The first time I ever saw a Water Lily was in the hands of a classmate. We went on class excursion to a rice farm. ‘What’s that in your hand?’ I asked. ‘I don’t know. It’s a strange looking flower’. ‘Let me see’. As I walked towards him, he ripped the flower into bits. ‘Why did you do that?’ I yelled as little balls of tears rolled down my cheeks.  Almost immediately, our Agriculture teacher showed up and I told him what happened. He pointed at a pond not far away from where we stood. Behold my flower! There were so many!

Gently, I knelt as I reached out to stroke its leaves. I couldn’t help but wonder how it’s rooted in soil inside the water with floating leaves and flower undisturbed by the water. I carefully pulled one out and studied it.

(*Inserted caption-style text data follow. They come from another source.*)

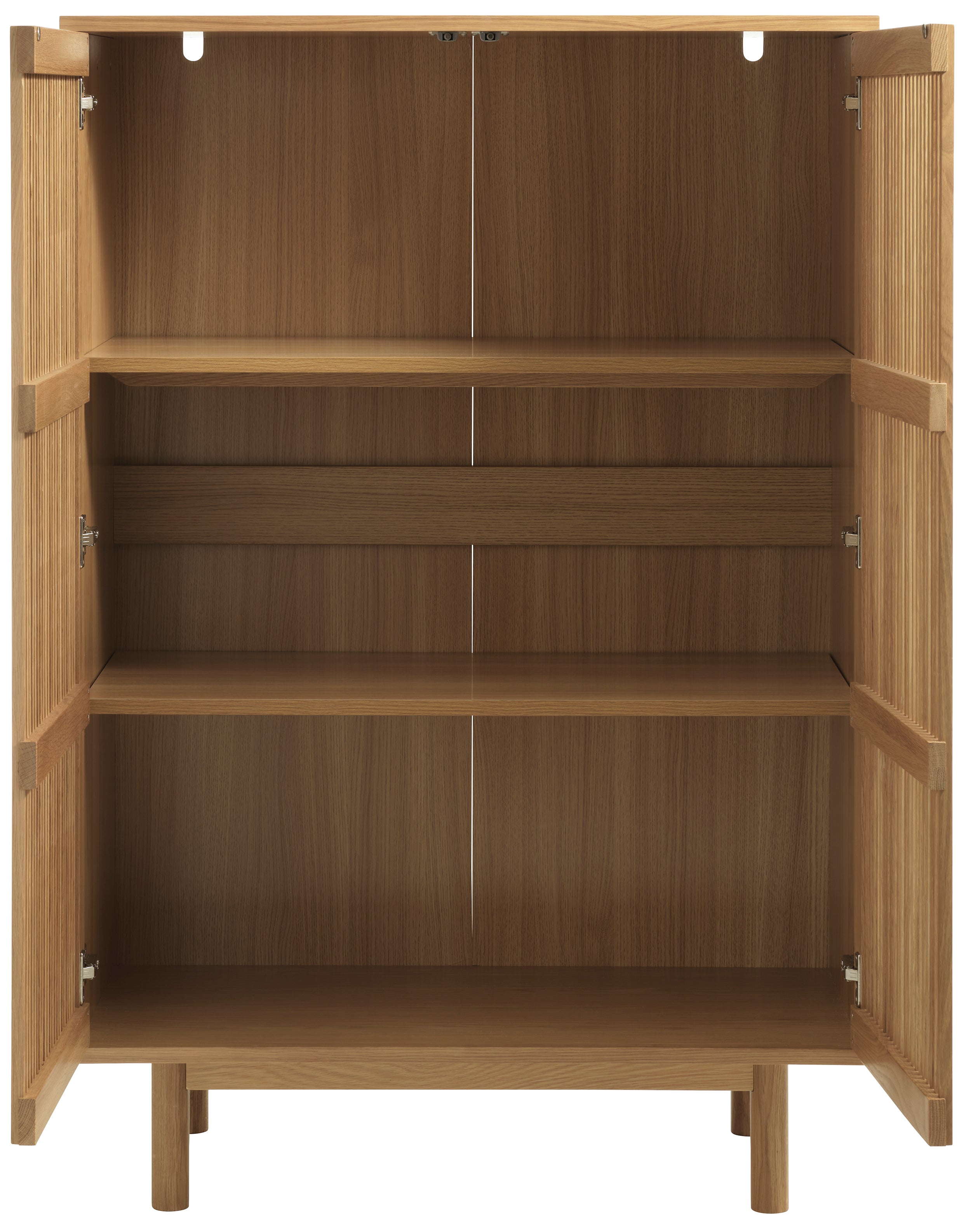 Komoda wysoka Bruzel 140 cm lamele dąb naturalny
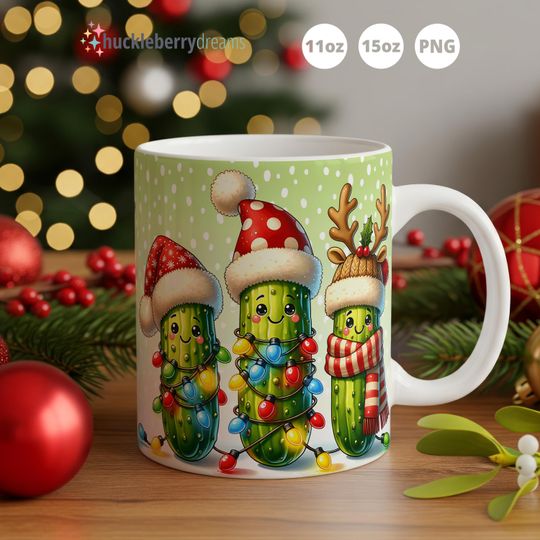 Discover Funny Pickle PNG | Holiday Mug Wrap | Funny Coffee Mug PNG | Pickle Sublimation (Commercial Use)
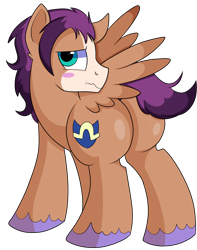 Size: 1280x1622 | Tagged: safe, artist:rainbowtashie, commissioner:bigonionbean, writer:bigonionbean, character:flash sentry, character:trouble shoes, oc, oc:fast hooves, species:earth pony, species:pegasus, species:pony, butt, clydesdale, cutie mark, extra thicc, flank, fusion, fusion:fast hooves, plot, simple background, thicc ass, transparent background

The roots were a lot; some tiny and some big. The stem was slender and long, disconnecting the roots from the leaves and flowers. The flower though tough, smelled good! How could my classmate have thought of ripping this beauty apart! I certainly must take one home to show my mother! ‘Edima, let’s go to the bus, everyone is waiting for you’, Mr. Davidson said as he tapped my shoulder. ‘I see you like Water Lilies’, he added. Oh! So that’s what it’s called! I laughed so hard like never before.

I didn’t have what was needed to grow a Water Lily in my house so it withered but I had what it took to grow it in my heart.

As I sit back today and remember that day, I am determined.

If the Water Lily can survive in water surrounded by more water, we can survive whatever comes our way. Keep your head up just like the flowers and leaves of the Lily, unshaken by the activities in the water because its roots are firmly fixed.

Decide what you want for your life and stick to it. Let your goals and dreams keep you alive just like the roots. Develop a thick skin to people who want to pull you down this month; just like that boy who tried to make me unhappy by destroying my Lily but in the end I found laughter deep within my soul.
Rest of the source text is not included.